▶ [DATA TO EXAMINE]
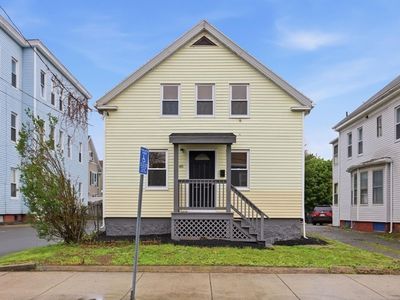 Property at 48 Vine St, Lynn, MA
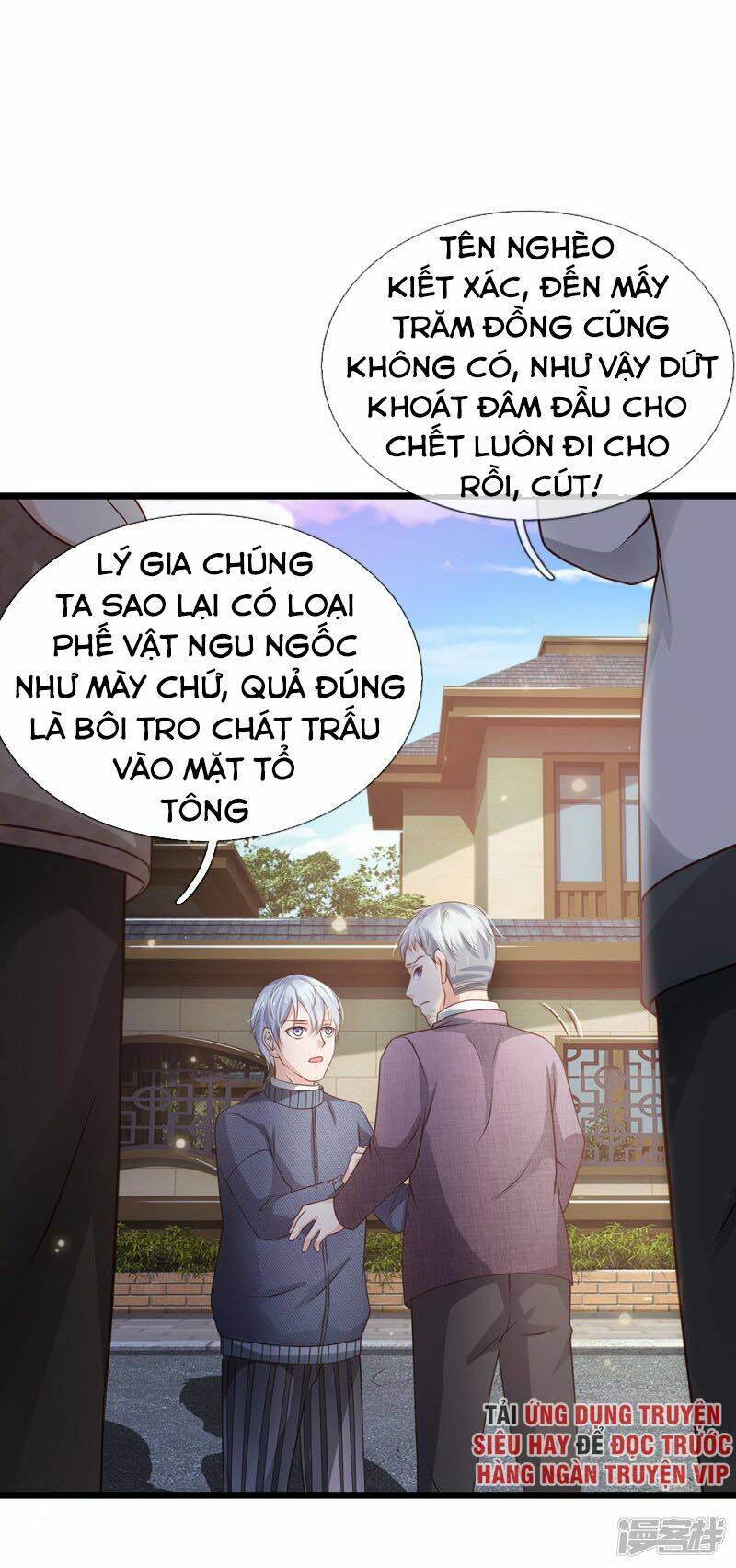 ngạo thị thiên địa chapter 140 - Next chapter 141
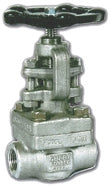 Boiler Rated Flow Control Valves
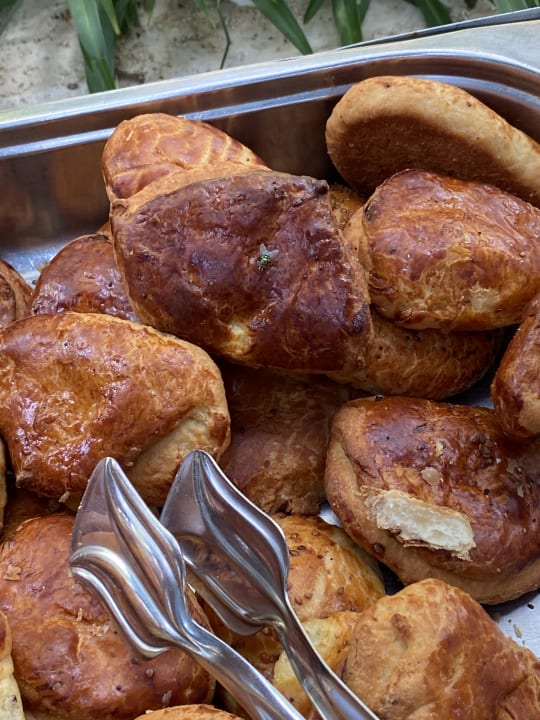 Gastro Özkaymak Incekum Hotel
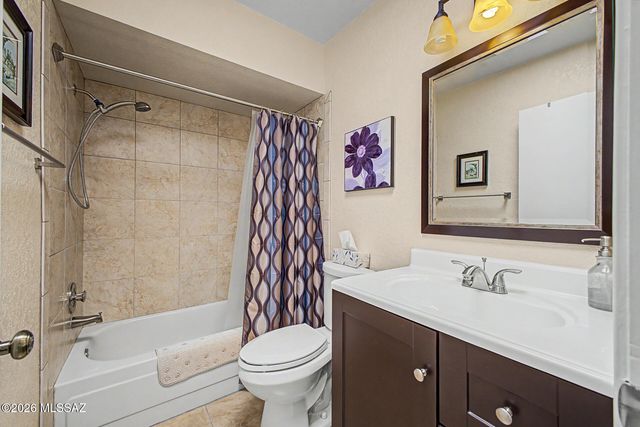 3247 N Mill Avenue, Tucson, AZ 85712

▶ [TASK OBJECTIVE]
Every line above needs to be written out again as it stands. Pictures do not belong in the copy.

▶ [OUTPUT]
 Property at 48 Vine St, Lynn, MA
 ngạo thị thiên địa chapter 140 - Next chapter 141
 Boiler Rated Flow Control Valves
 Gastro Özkaymak Incekum Hotel
 3247 N Mill Avenue, Tucson, AZ 85712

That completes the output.